What needs to be done
With the pictures left out, transcribe exactly the lines from the one with "Stick insect frame" through the end of the data.

Collected data
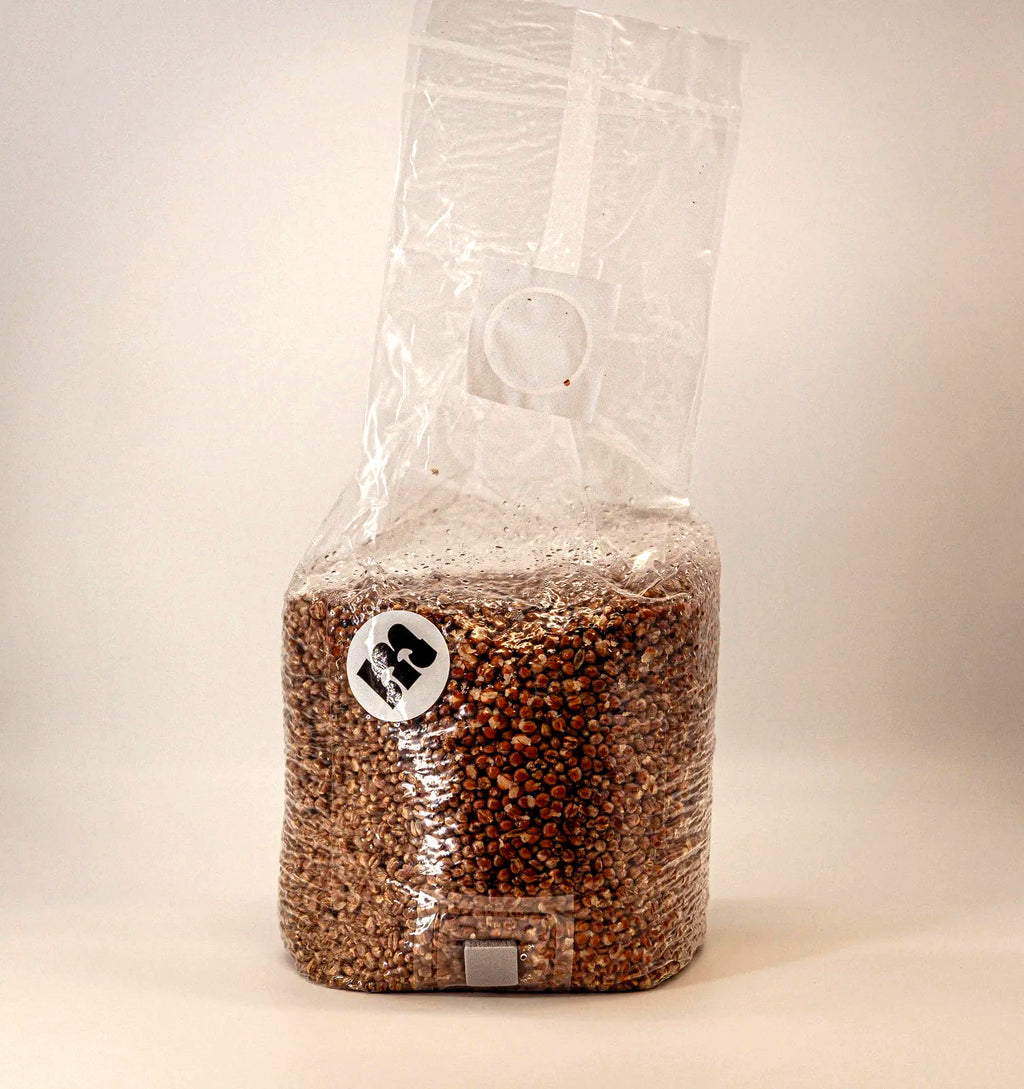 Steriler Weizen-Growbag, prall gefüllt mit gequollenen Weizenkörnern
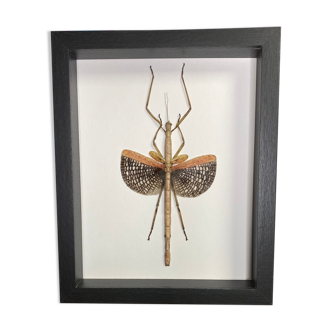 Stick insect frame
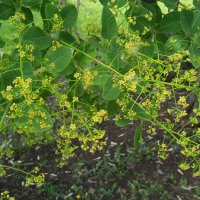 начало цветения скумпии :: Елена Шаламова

Solved problem
 Stick insect frame
 начало цветения скумпии :: Елена Шаламова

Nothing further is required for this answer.